AOL Time Warner may also make a move in the more liberal regulatory environment. Although it owns The WB, it has been kept out of the TV-station business by the cable/broadcast ban. With that gone, it can begin the hunt for a station group to go along with the network.

An AOL executive acknowledged that Tribune Co. would be the most natural target. The broadcaster and newspaper publisher is a 25% owner of The WB and owns WB affiliates in New York and Los Angeles.

AOL interest in TV stations could be Sinclair Broadcast Group David Smith's dream come true. The group is having financial programs and 21 of its 61 stations are WB affiliates.

AOL's big play would be the acquisition of NBC, which lacks the bulk and scope of the other broadcast-network owners. The AOL and NBC media assets fit nicely together.
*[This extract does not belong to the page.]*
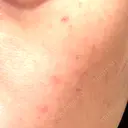 水光注射（ハリ・美肌） / 毛穴洗浄（ハイドラフェイシャルなど） RIN BEAUTY CLINIC DAY 7 サムネイル用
General Electric has considered selling all or part of NBC for years, talking at one point to Turner Broadcasting before it was bought by Time Warner and at another to Time Warner before it merged with AOL.
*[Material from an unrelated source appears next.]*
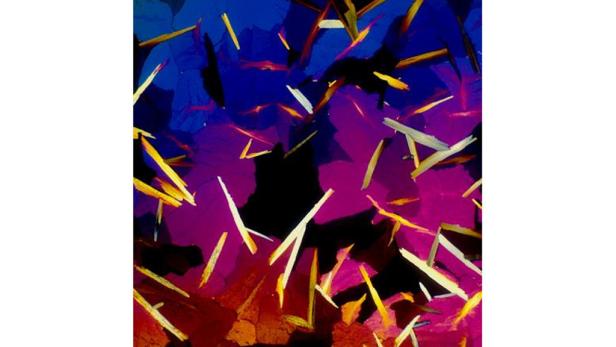 Mikroskop: So sieht Cola-Rum wirklich aus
The end of crossownership rules would certainly make any talks with AOL Time Warner's Steve Case much easier. The conflict between AOL's New York City cable operation and WNBC-TV would disappear.

And, of course, the ailing stock market suddenly changes dealmakers' perspective. GE could easily be a buyer, not a seller. With its price fallen to $25 per share, AOL is worth just $100 billion. "That's less that what Time Warner alone was worth before AOL acquired it," notes the CEO of one major media player.
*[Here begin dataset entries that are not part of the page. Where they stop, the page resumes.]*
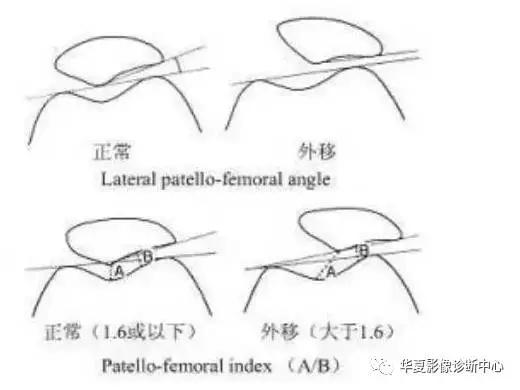 膝关节痛警惕四种病,科普膝关节疼痛影响到的22种疾病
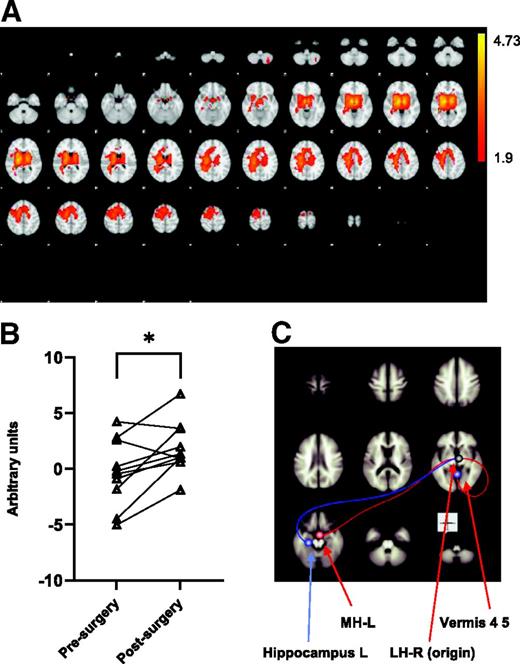 Figure 6. fMRI. A: TICA across all six resting fMRI runs revealed one IC, which represents a functional connectivity resting-state network, explaining most variability. This resting-state network was defined purely on the provided data without prior assumption and includes, notably, bilateral thalamus and hypothalamus. The activity of this IC was significantly higher after vs. before surgery (red color; S-mode) during the first 20 min of the hypoglycemic clamp (i.e., rapid glucose lowering) (P < 0.05). The color code represents T-values. B: Individual data of the above IC activity (S-mode) during the initial phase of hypoglycemia. *P < 0.05. C: The ROI functional connectivity analysis using the right LH as seed region as defined on the basis of previous literature (31). During initial hypoglycemia, there was a significantly decreased functional connectivity to left hippocampus and a significantly increased functional connectivity to vermis regions 4 and 5 for the post- vs. presurgery condition. Similar increases in connectivity to corresponding regions were obtained using the left LH as seed region (data not shown). n = 10. L, left; LH, lateral hypothalamus; MH, medial hypothalamus; R, right.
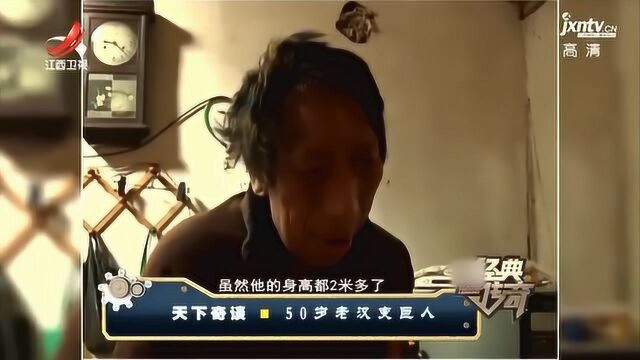 5旬老汉身高突然疯长30厘米,长成两米多巨人,头部长成卡通人物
This is analyst Wolzien's favorite prospective deal, in part because AOL has two things NBC lacks and probably needs: a studio and lots of entertainment cable networks. "How many times has GE tried to figure out what to do with NBC?" Wolzien asks. "They were a seller because they could never do anything else with it."

But NBC Chairman Bob Wright discourages such talk. "GE has always been happy with NBC and its performance and remains so," he says. "But it's never been eager to become substantially bigger in the business" because so much of it, like the movie business, is cyclical.

With corporate pressure to keep revenue and profits growing, though, NBC will not be sitting still. "We're out there looking for things to do all the time." The Paxson, ValueVision and Telemundo acquisitions are all examples, Wright says.

AOL Time Warner aside, the freedom to own cable and broadcast outlets in the same market is less compelling than relaxation of the TV-station rules would be. Only News Corp. has shown any appetite for multichannel distribution. Rupert Murdoch has been repeatedly thwarted in attempts to get into the U.S. DBS business. He longs for distribution against which to leverage his portfolio of cable networks, although his company isn't in a financial condition to mount much of a system shopping spree.

Industry executives' other favorite broadcast/cable combination is a takeover of Disney by Comcast. The MSO's president, Brian Roberts, is seen as hungry to get deeper into the content side of the business.

But Steve Burke, president of Comcast's cable division and a former Disney cast member, flatly denies that the company has any interest in buying Disney. "Purchasing a company with broadcasting assets is as far away in our mind than anything you could imagine. We're working on digesting AT&T Broadband," the 15-million-subscriber cable operation.

Wright and Karmazin say they have equally little interest in owning cable systems.

"Cable television is not attractive to commercial industrial businesses [like GE] because it has a lot of capital intensity," Wright says.

Only Cox Communications—the sole top-five cable operator that, through parent Cox Enterprises, is also a broadcaster and newspaper publisher—expresses even mild interest in crossownership. COO Pat Esser says it would be interesting to freely and intensely cross-promote a station and cable system. "If you could use the system to get a one-rating-point improvement in news over a year, that's a lot of gain to you year after year."

The cable/broadcast crossownership rule has fallen. Other ownership restrictions are not far behind. And if history is any guide, major structural changes in the TV industry are on the way.

"You're either a buyer or a seller," says broker Patrick. "If you stand still, you will be run over."